Yes, and there's large source of potential confusion here in real-world
applications.
For example, the Sunshine Protection Act of 2021 proposed by Senators
Rubio et al. would redefine "Pacific Standard Time" to mean 7 hours
behind UTC, "Mountain Standard Time" to mean 6 hours behind UTC, etc. If
it passes, most of Arizona will stop observing the old MST (-07) and I
expect it will start observing the new PST (-07). The proposed law also
seems to require the Navajo Nation, which currently observes the old
MST/MDT (-07/-06), to switch to the new MST (-06).
If this happens, nomenclature issues will abound. For example, we could
see this behavior in the GNU/Linux shell:
$ TZ=America/Los_Angeles date -d 2021-01-01 +"%Y-%m-%d %H:%M %z (%Z)"
2021-01-01 00:00 -0800 (PST)
$ TZ=America/Los_Angeles date -d 2022-01-01 +"%Y-%m-%d %H:%M %z (%Z)"
2022-01-01 00:00 -0700 (PST)
$ TZ=America/Phoenix date -d 2021-01-01 +"%Y-%m-%d %H:%M %z (%Z)"
2021-01-01 00:00 -0700 (MST)
$ TZ=America/Phoenix date -d 2022-01-01 +"%Y-%m-%d %H:%M %z (%Z)"
2022-01-01 00:00 -0700 (PST)
Any software that thinks that "PST" means "8 hours behind UTC" will be
broken. As will any software that thinks that "PST" means "7 hours
behind UTC", for older timestamps.
Admittedly such software is dicey anyway, but it's out there and it's in
widespread use. This very email is being sent using the format of
Internet RFC 5322, which defines "PST" to be equivalent to "-0800".

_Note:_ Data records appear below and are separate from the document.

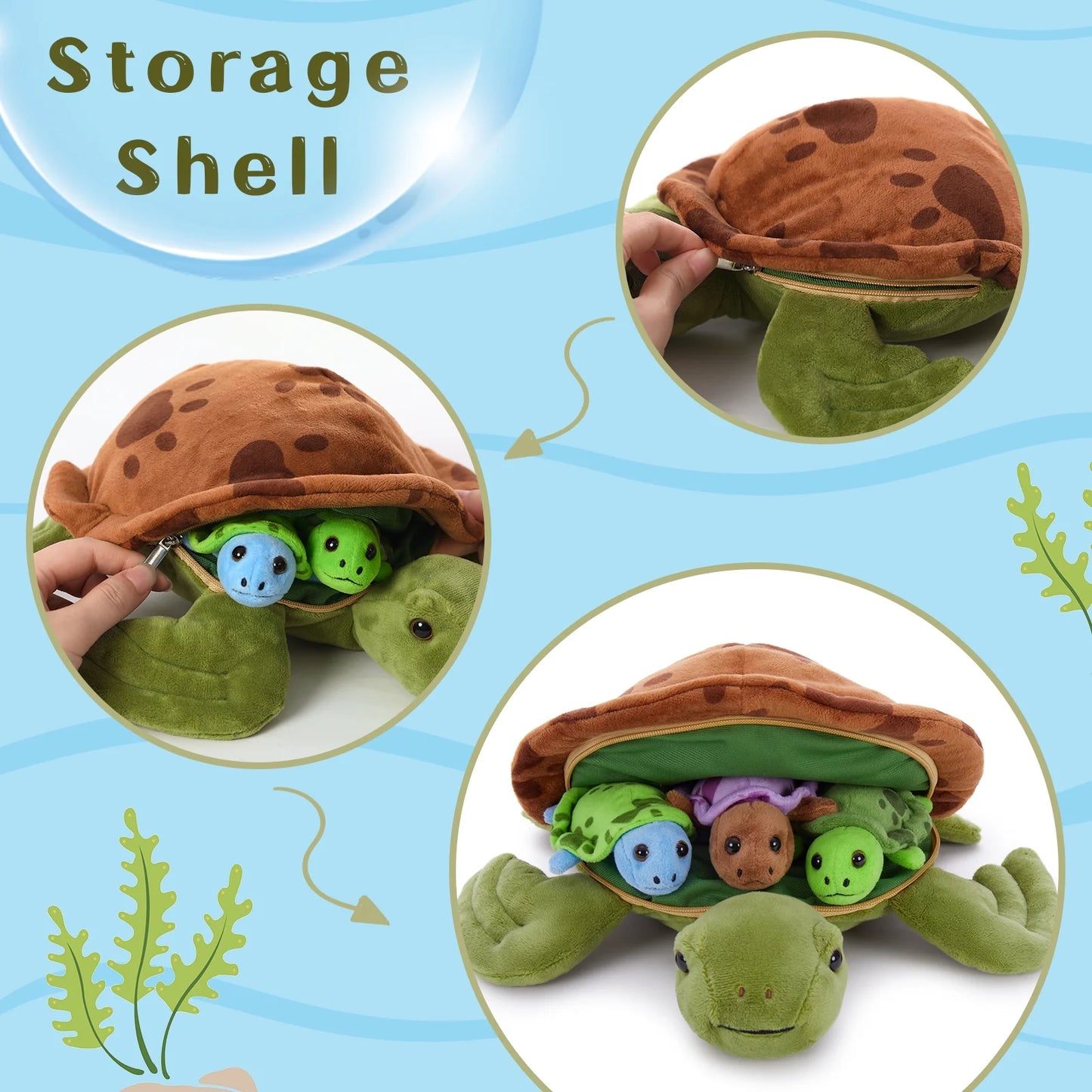 Sea Turtle Stuffed Animal Plush Turtle with 3 Babies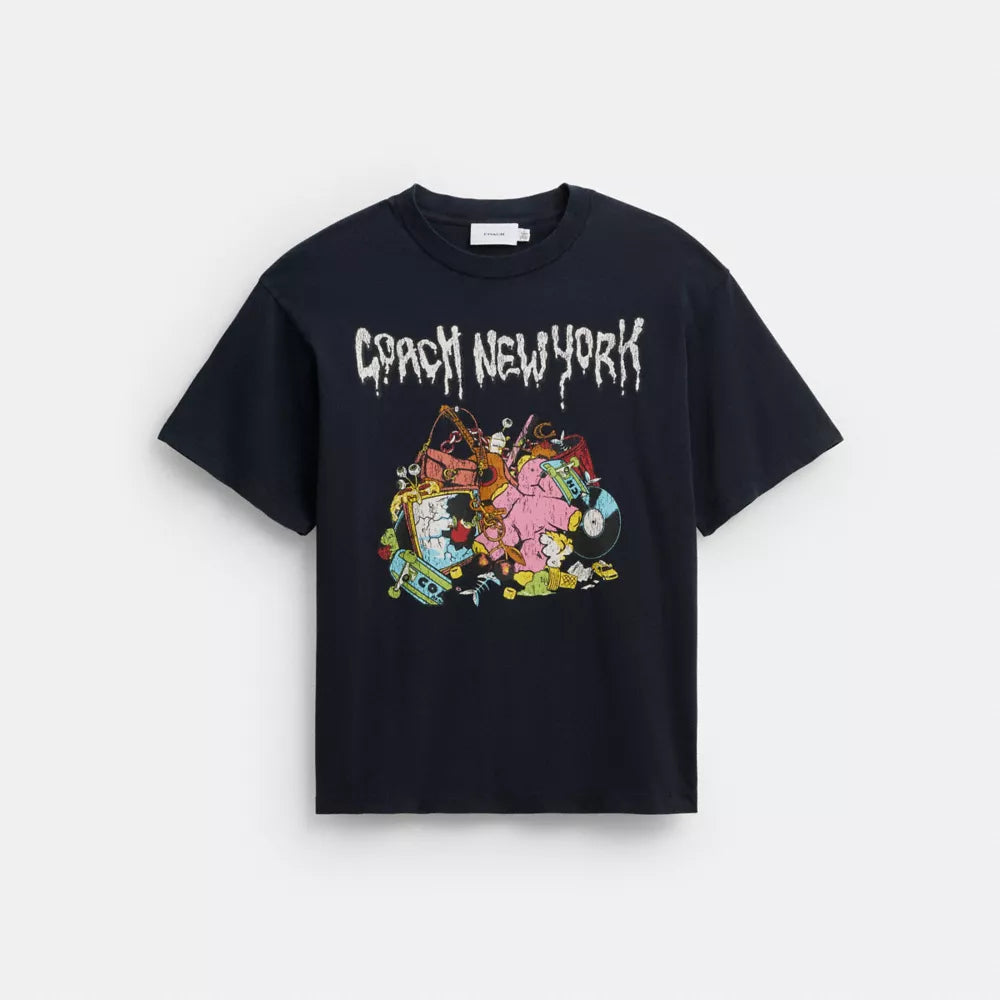 Cartoons Relaxed T-Shirt In Organic Cotton - Navy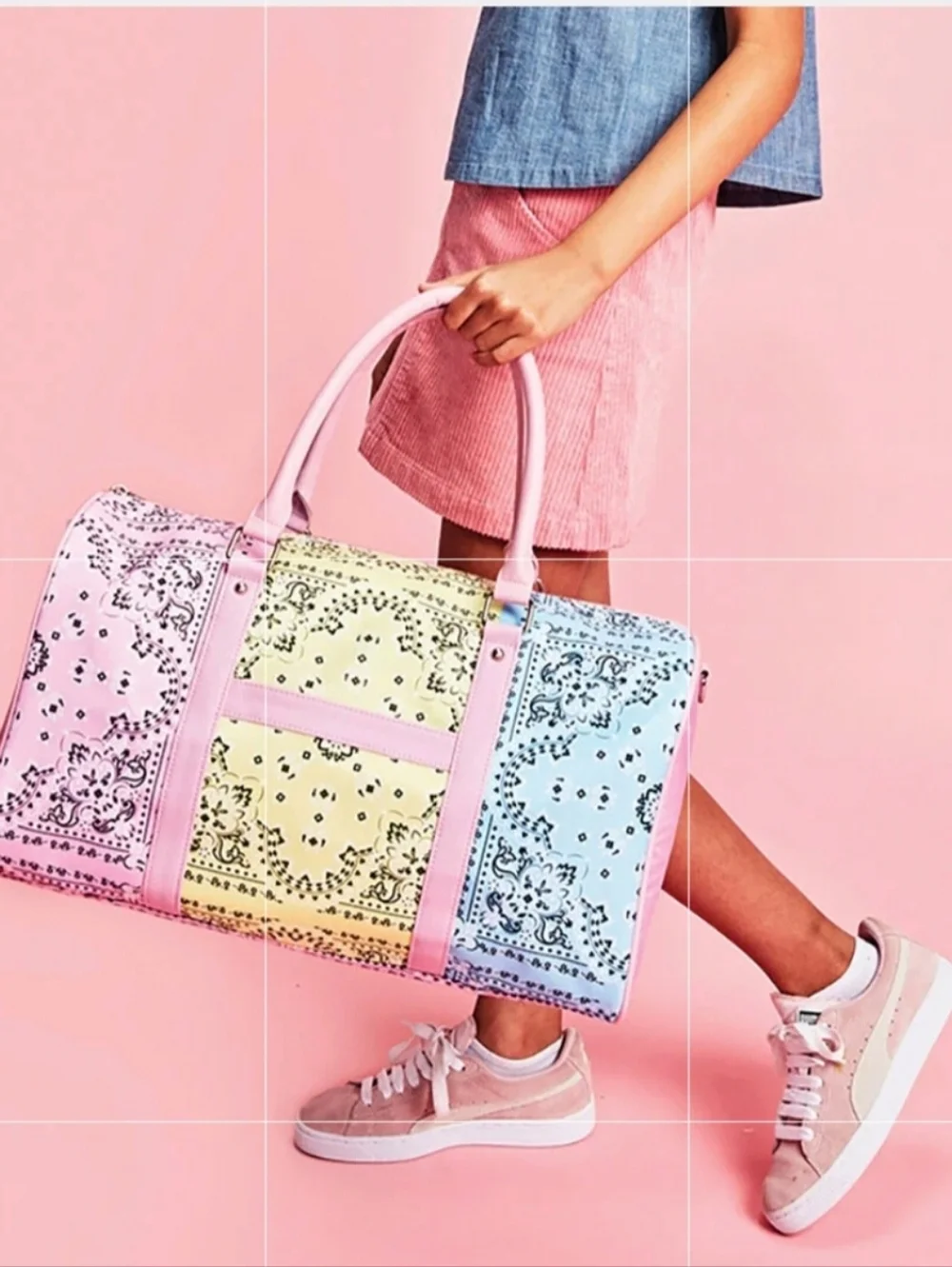 Iscream Bandana Patchwork Duffle Bag Overnight Tote Bag BNWT SO RETIRED!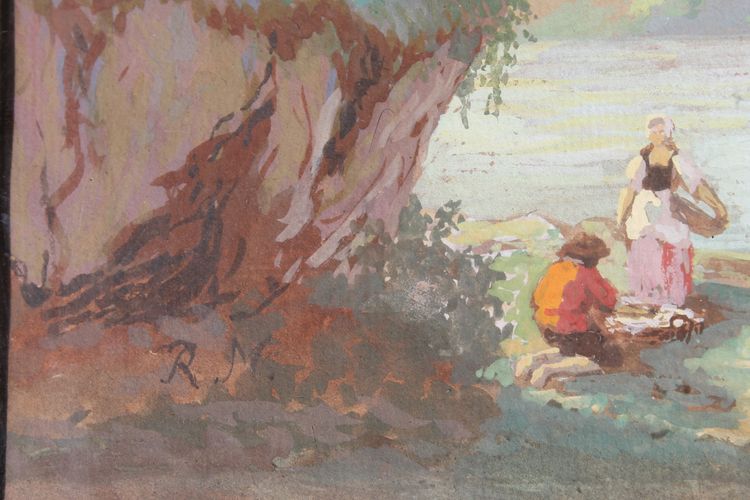 Gouache auf Papier Belebte Landschaft mit Fischern an einem Flussufer und Dorf Epoche 19.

(Luckily it says "PST" is obsolescent, but still....)
The situations for time zone abbreviations in Europe, the UK, Ireland,
etc. will be even more complicated if they go through with plans to
institute permanent DST or permanent standard time or whatever it is
they might do. It surely will be an even bigger mess to name and
abbreviate the resulting time zones.
To avoid the resulting fallout, perhaps we should remove all alphabetic
time zone abbreviations from tzdb, other than "UTC" and the "xMT"
abbreviations which are pretty much immune to this sort of thing and
which we need for other reasons. Or at least we should perhaps remove
alphabetic abbreviations for zones going through upheaval, as any such
abbreviations are likely to confuse people.